Building an Ecommerce Team
When it comes to the retail industry, eCommerce is the single fastest-growing segment. It’s been spurred on by COVID-19, but the change was already in the air. For entrepreneurs and business owners, entering the world of eCommerce offers many benefits, including the chance to build a thriving brand and create a profitable business.
However, it’s not something that you can do on your own. Yes, you can try to wear multiple hats, but you’ll find that it’s simply too much for one person to handle, no matter how talented or dedicated they might be. You’ll need an eCommerce team to propel you forward, but that requires understanding the key roles and functions.
Below, we’ll address an eCommerce team’s most typical roles and what you should know about each.
Team Director/Team Lead
This role involves managing all the others on the team. The team director is responsible for ensuring that all other team members perform their roles properly, that everyone is working together, and that the team executes the eCommerce vision. Note that the director usually has many other responsibilities, particularly in smaller companies, including:
- Digital marketing
- Website administration
- Strategy development
- Web Developer
Your web developer will be responsible for designing, building, implementing, and maintaining your eCommerce website. They’ll handle frontend and backend changes, customisations, and more. Ensure that your web developer is familiar with Google’s mobile-first mentality and the consumer trends underpinning that outlook.

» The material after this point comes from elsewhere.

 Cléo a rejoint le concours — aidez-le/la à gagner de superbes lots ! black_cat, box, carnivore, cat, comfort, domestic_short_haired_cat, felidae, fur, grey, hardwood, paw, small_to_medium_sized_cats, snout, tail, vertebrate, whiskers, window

Of course, your web developer will also need to be intimately familiar with the eCommerce industry itself, with an emphasis on the need for:
- Cohesive branding
- A positive user experience
- Connecting the website to your wider sales funnel
Digital Operations Manager
An Operations Manager is responsible for ensuring that the website functions without error to support the ideal customer experience. As such, they should be familiar with not only your industry but with consumer trends and expectations related to eCommerce. Beyond the customer experience, the operations manager will usually be responsible for things like:
- Managing the entire CMS
- A/B testing product layouts
- Verifying discount/sale code functionality
- Bumping front end sales numbers against existing inventory counts
You’ll need at least one IT technician on your eCommerce team. This team member is responsible for helping other members use your sites digital infrastructure correctly, for connecting the dots between online sales, existing inventory, and logistics, and to ensure security across all pages of the site. Other responsibilities might include:
- Supporting development and operations as needed
- Troubleshooting operation issues
- Making changes to website pages as necessary
All retail involves logistics to some degree, even if that is nothing more than noting the number of a particular item on hand and reordering through a supplier. A logistics manager handles all related issues within your business, from ensuring that inventory counts are accurate to vetting new suppliers, dealing with shipping customer orders, providing support when orders are lost or damaged, and more.
At a minimum, you’ll need an inventory manager, but you may have an entire team. These are your warehouse staff and managers, who are responsible for item intake, entering orders in the system, ensure inventory counts are accurate, wrapping and packing products, and even clerical duties.
Digital Marketing Manager
No eCommerce business can be successful without a robust digital marketing strategy. A digital marketing manager is responsible for handling things like social media marketing, email marketing, content marketing, product description creation, image and video sourcing, SEO, SEM, PPC campaigns, loyalty programs, and more.
Customer Service Reps
You’ll need at least one person designated to handle customer service. These professionals answer questions, provide guidance, help with returns and exchanges, answer calls, manage chatbots, process returns, and handle customer complaints.
Accounting and Bookkeeping
Sometimes called finance and accounting, these professionals help ensure that your books are balanced, your bills are paid, budgets are set, and profit/loss statements are accurate.
Bringing Your Team Together
Assembling such a robust team takes time, preparation, and research. Each role is crucial, and you cannot afford to take chances during your hiring process. You can also outsource many of these roles to the right partner, saving you both time and hassle while ensuring that you can hit the ground running.